*** Opening of The input ***

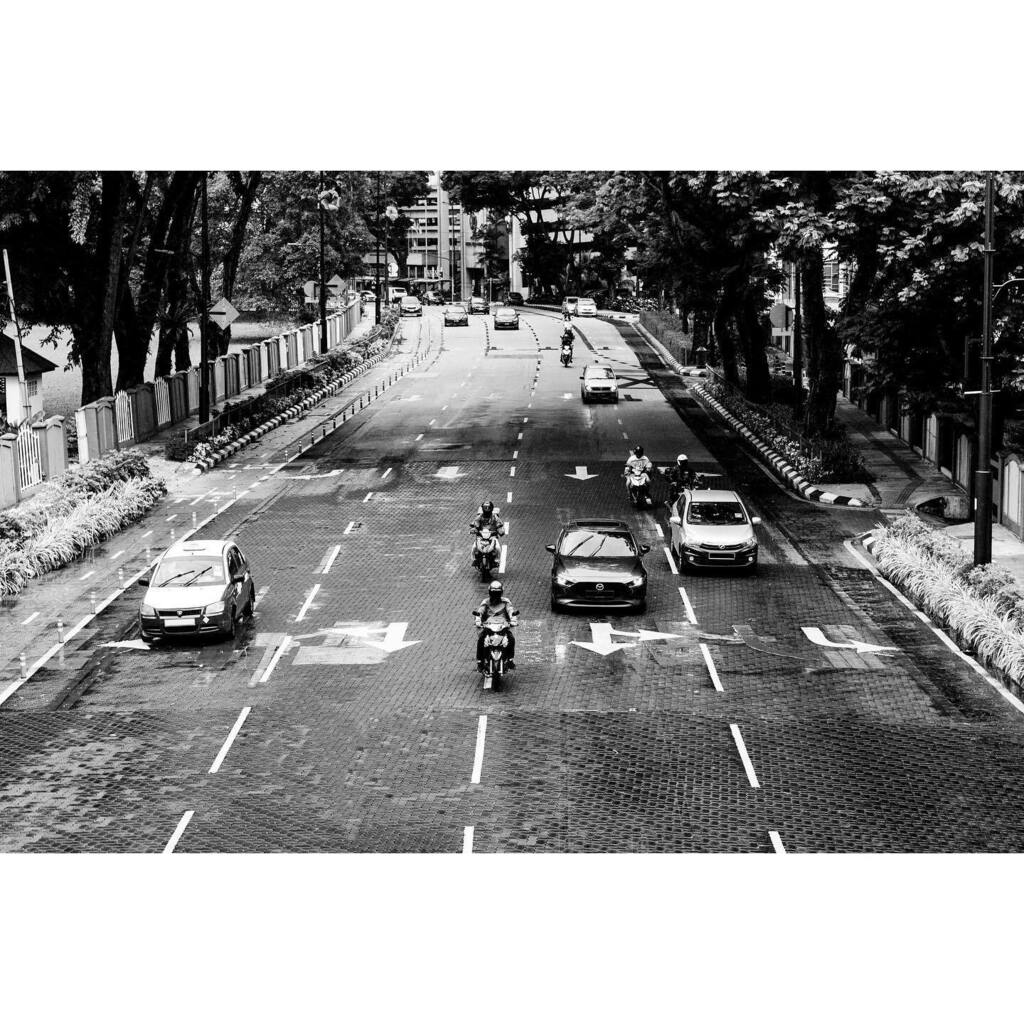 One way.
•
“A man should always consider how much he has more than he wants.” - Joseph Addison
•
📸 Canon EOS R // RF 50mm 1.8
🎬 1/800sec f/4.0 ISO400
📍 Jalan Raja Laut, Kuala Lumpur Malaysia
•
#jomstreetmy #igfeedsmenarik_ #AnakMudaJohor #igersma… instagr.am/p/CnmBEUGynBz/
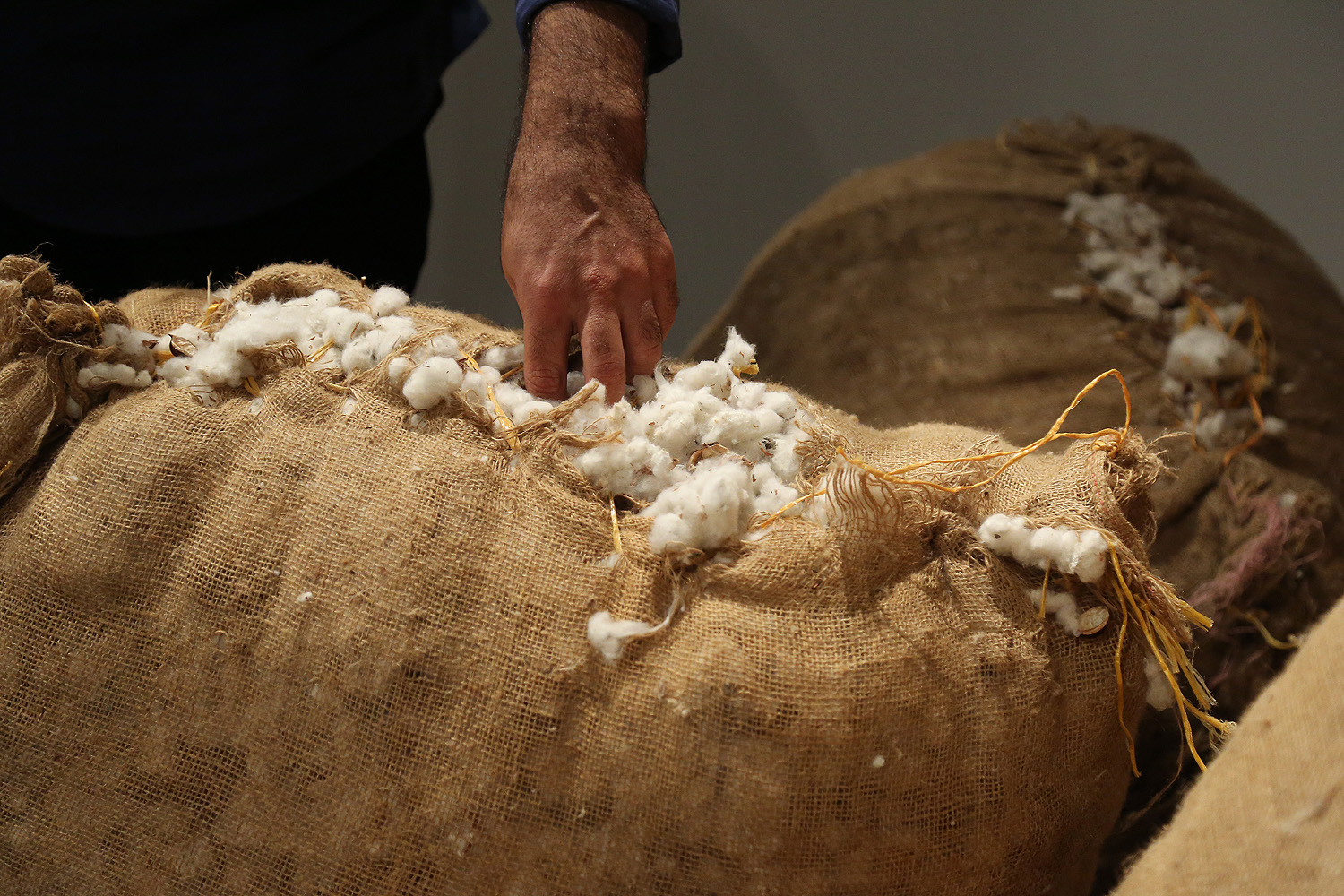 افتتاح نمایشگاه چیدمان و ویدیو محمدرضا عرب خزائلی در گالری ویستا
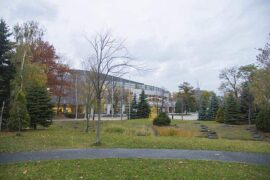 开朗是褒义词吗？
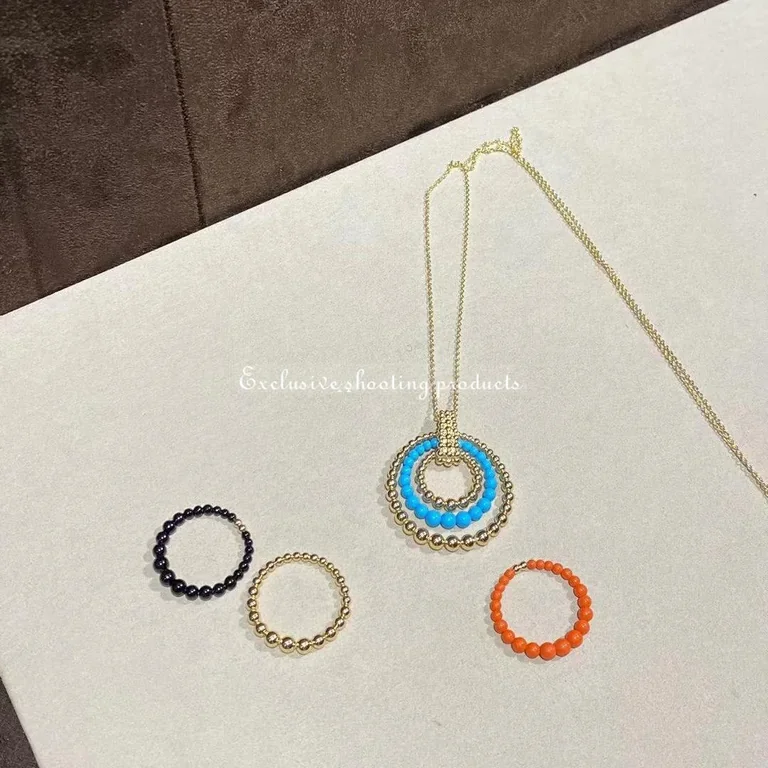 Van Cleef & Arpels VCARP4DL00 Perlée couleurs transformable long necklace Yellow gold Necklace 12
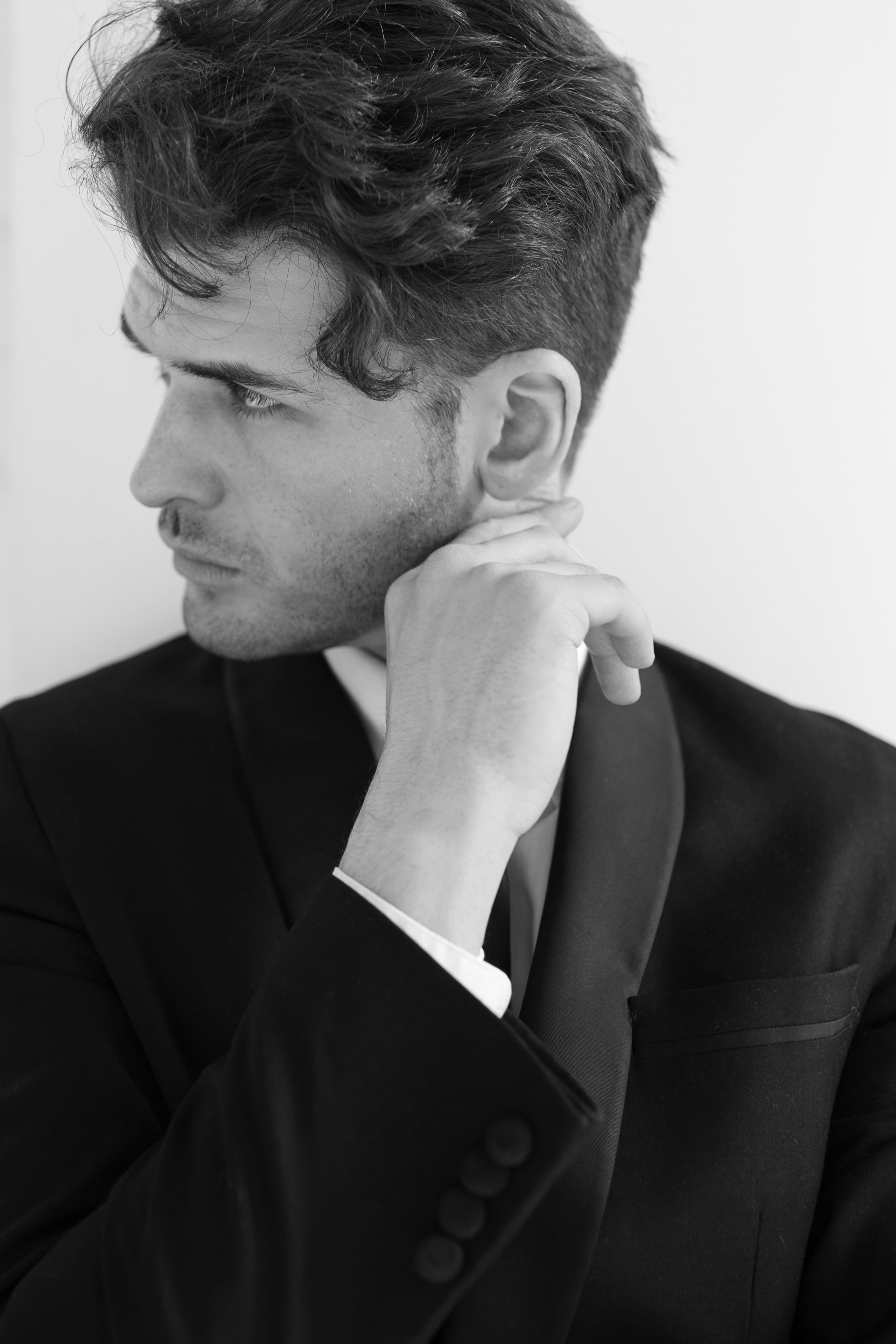 Фотосессия актёра Владислава Картамышева в арт-пространстве Флакон. Фотограф в Москве Анна Яковлева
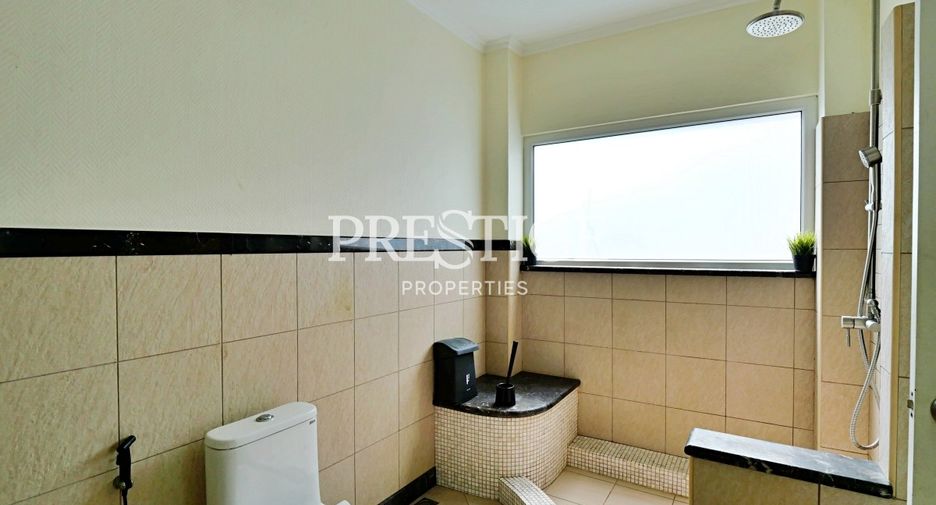 Casa en alquiler de 5 habitaciones en Jomtien, Pattaya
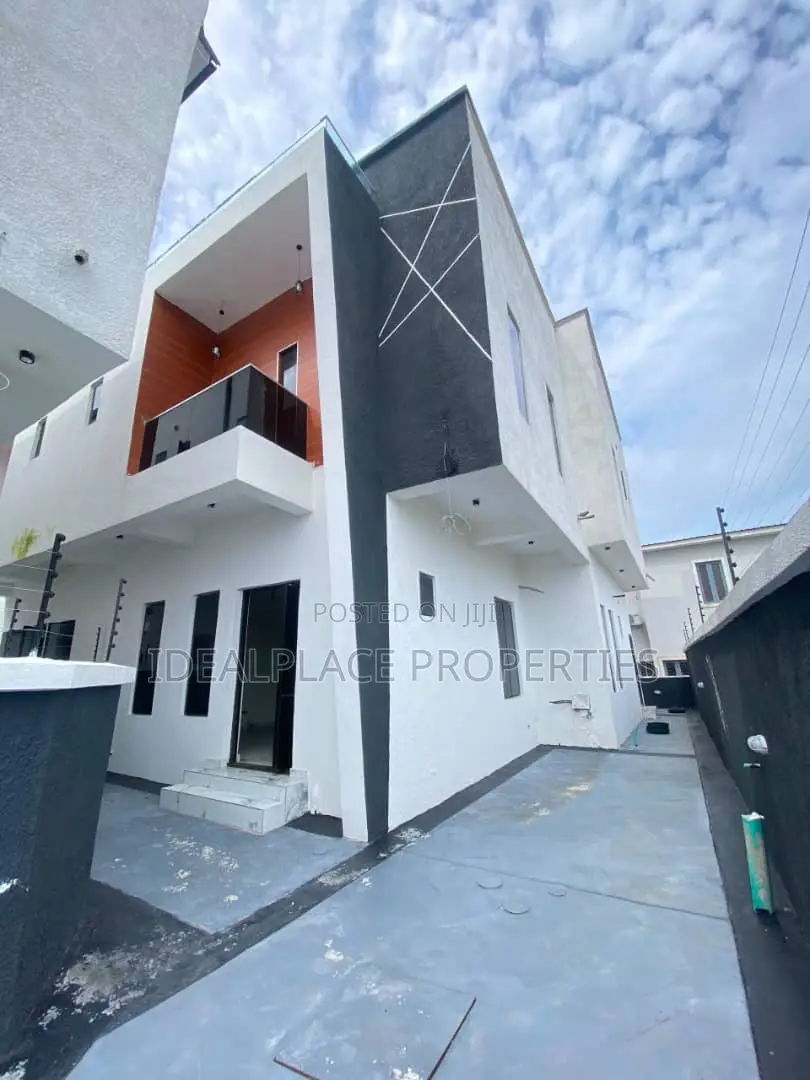 4bdrm Duplex in Lekki for sale in Lekki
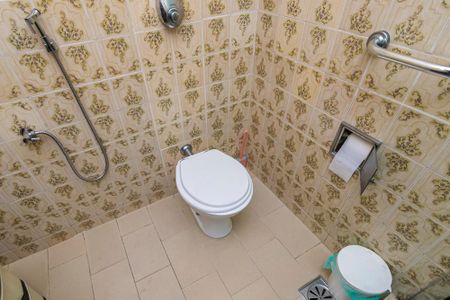 Casa à venda com 182m², 5 quartos e 4 vagas Casa à venda com 182m², 5 quartos e 4 vagasBanheiro 2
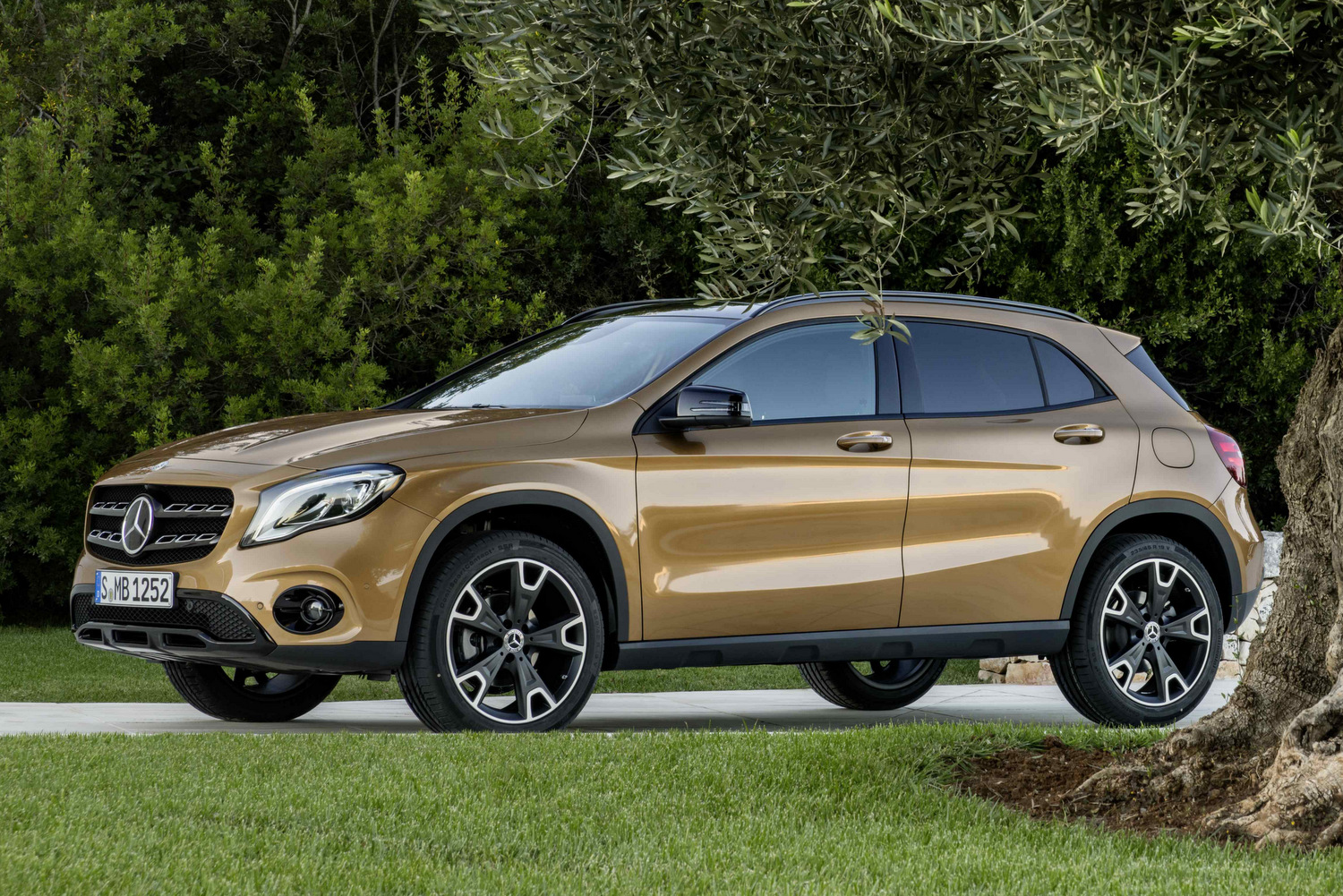 Mercedes GLA: krómban újult a crossover 30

*** Close of The input ***

The task » Every line from the one that holds "Casa en alquiler" to the last line of the records above goes into the answer, exactly as written; nothing else does, and no picture does either.

Answer section »
 Casa en alquiler de 5 habitaciones en Jomtien, Pattaya
 4bdrm Duplex in Lekki for sale in Lekki
 Casa à venda com 182m², 5 quartos e 4 vagas Casa à venda com 182m², 5 quartos e 4 vagasBanheiro 2
 Mercedes GLA: krómban újult a crossover 30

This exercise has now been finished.